Both partiy disks fail on Raid 6 array at the same time. Help please!

ShitTheBed · January 15

Hello Unraiders,

I came home to both parity disks being disabled, with a whopping 2000+ errors on each parity disk.

I checked the logs and they both failed very close in time to each other.

There is a plugin that is mentioned in the logs too...

The beggining of the errors starts with:

Jan 15 01:31:56 VAULT kernel: ata2.00: exception Emask 0x0 SAct 0x10000 SErr 0x0 action 0x6 frozen
Jan 15 01:31:56 VAULT kernel: ata2.00: failed command: WRITE FPDMA QUEUED
Jan 15 01:31:56 VAULT kernel: ata2.00: cmd 61/08:80:80:08:00/00:00:00:00:00/40 tag 16 ncq dma 4096 out
Jan 15 01:31:56 VAULT kernel:         res 40/00:01:00:00:00/00:00:00:00:00/00 Emask 0x4 (timeout)
Jan 15 01:31:56 VAULT kernel: ata2.00: status: { DRDY }
Jan 15 01:31:56 VAULT kernel: ata2: hard resetting link

It is an 8 disk array, raid 6. I am worried for my NAS!

I find it very strange that both parity disks fail together when the array has being going for 2 years. I restarted twice, and both disks remain disabled. This message popped up:

image.png.aa83d68845e3ea6b1f5f6f6c5c7bf11d.png

Adnd the 2k errors on each parity disk were zeroed away:

Unraid version is: Version 6.12.6 2023-12-01

I have left the machine off whilst I post here.

Any help would be appreciated.

- ShitTheBed

itimpi · January 15

The parity drives will remain disabled until you go through the process of rebuilding them. If you want to try rebuilding parity back to the same drives then the process is covered here in the online documentation accessible via the ‘Manual’ link at the bottom of the GUI or the DOCS link at the top of each forum page.

The error you posted looks rather like a cabling or power issue so you should check that before attempting any rebuild. The system’s diagnostics might also give clues as to what was happening.

ShitTheBed · January 15

Hi Itimpi,

Thank you for your prompt response!

I have the diagnostics, I collected them before restart. Find them attached.

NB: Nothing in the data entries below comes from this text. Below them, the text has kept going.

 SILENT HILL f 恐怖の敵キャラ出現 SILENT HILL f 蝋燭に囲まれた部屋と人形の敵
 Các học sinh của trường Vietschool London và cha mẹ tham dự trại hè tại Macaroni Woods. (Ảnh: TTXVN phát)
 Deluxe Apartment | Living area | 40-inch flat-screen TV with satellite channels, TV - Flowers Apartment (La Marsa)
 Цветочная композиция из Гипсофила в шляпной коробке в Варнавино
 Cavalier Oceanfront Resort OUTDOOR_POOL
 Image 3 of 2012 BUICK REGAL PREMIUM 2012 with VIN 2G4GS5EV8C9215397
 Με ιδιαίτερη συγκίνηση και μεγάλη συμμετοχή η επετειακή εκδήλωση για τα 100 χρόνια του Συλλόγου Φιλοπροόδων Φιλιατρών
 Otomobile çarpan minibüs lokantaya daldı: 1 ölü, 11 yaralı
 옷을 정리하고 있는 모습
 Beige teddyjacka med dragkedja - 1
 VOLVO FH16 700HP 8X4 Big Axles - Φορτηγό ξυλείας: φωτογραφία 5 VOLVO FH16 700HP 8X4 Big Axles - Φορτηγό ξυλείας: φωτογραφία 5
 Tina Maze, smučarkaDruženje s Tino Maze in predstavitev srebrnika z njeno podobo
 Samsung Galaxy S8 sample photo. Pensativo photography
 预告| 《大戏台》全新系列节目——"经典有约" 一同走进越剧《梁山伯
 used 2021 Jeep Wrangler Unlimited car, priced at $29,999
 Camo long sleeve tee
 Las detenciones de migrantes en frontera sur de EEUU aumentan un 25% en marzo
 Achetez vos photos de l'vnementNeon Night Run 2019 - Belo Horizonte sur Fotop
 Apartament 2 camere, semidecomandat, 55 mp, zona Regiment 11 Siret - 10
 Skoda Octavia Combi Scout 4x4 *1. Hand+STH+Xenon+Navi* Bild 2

Can you guide me on where to look for clues?

Thanks again

vault-diagnostics-20240115-1723.zip

JorgeB · January 15

Jan 15 01:32:11 VAULT kernel: ata1: softreset failed (1st FIS failed)
Jan 15 01:32:11 VAULT kernel: ata1: hard resetting link
Jan 15 01:32:16 VAULT kernel: ata6: link is slow to respond, please be patient (ready=0)
Jan 15 01:32:16 VAULT kernel: ata2: softreset failed (1st FIS failed)
Jan 15 01:32:16 VAULT kernel: ata2: hard resetting link
Jan 15 01:32:20 VAULT kernel: ata5: softreset failed (1st FIS failed)
Jan 15 01:32:20 VAULT kernel: ata5: hard resetting link
Jan 15 01:32:20 VAULT kernel: ata6: found unknown device (class 0)
### [PREVIOUS LINE REPEATED 1 TIMES] ###
Jan 15 01:32:21 VAULT kernel: ata6: SATA link up 6.0 Gbps (SStatus 133 SControl 300)
Jan 15 01:32:21 VAULT kernel: ata1: softreset failed (1st FIS failed)
Jan 15 01:32:21 VAULT kernel: ata1: hard resetting link
Jan 15 01:32:26 VAULT kernel: ata6.00: qc timeout after 5000 msecs (cmd 0xec)
Jan 15 01:32:26 VAULT kernel: ata6.00: failed to IDENTIFY (I/O error, err_mask=0x5)
Jan 15 01:32:26 VAULT kernel: ata6.00: revalidation failed (errno=-5)
Jan 15 01:32:26 VAULT kernel: ata6: hard resetting link
Jan 15 01:32:30 VAULT kernel: ata5: softreset failed (1st FIS failed)
Jan 15 01:32:30 VAULT kernel: ata5: hard resetting link
Jan 15 01:32:36 VAULT kernel: ata6: softreset failed (1st FIS failed)
Jan 15 01:32:36 VAULT kernel: ata6: hard resetting link
Jan 15 01:32:46 VAULT kernel: ata6: softreset failed (1st FIS failed)
Jan 15 01:32:46 VAULT kernel: ata6: hard resetting link
Jan 15 01:32:51 VAULT kernel: ata2: softreset failed (1st FIS failed)
Jan 15 01:32:51 VAULT kernel: ata2: limiting SATA link speed to 3.0 Gbps
Jan 15 01:32:51 VAULT kernel: ata2: hard resetting link
Jan 15 01:32:56 VAULT kernel: ata1: softreset failed (1st FIS failed)
Jan 15 01:32:56 VAULT kernel: ata1: limiting SATA link speed to 3.0 Gbps
Jan 15 01:32:56 VAULT kernel: ata1: hard resetting link
Jan 15 01:32:56 VAULT kernel: ata2: softreset failed (1st FIS failed)
Jan 15 01:32:56 VAULT kernel: ata2: reset failed, giving up
Jan 15 01:32:56 VAULT kernel: ata2.00: disable device

Problem with all 4 disks connected to the onboard controller at the same time, unless they share a splitter it could be a controllers issue.

ShitTheBed · January 15

Very insightful. I see. The case im using is UNAS-810a. It comes with a built in controller. From the pic it looks like two x4 controllers:

202649.22222e91435fa96ff1755a2776d8e1e9.

i will find out if the 4 ones with issues were on same controller.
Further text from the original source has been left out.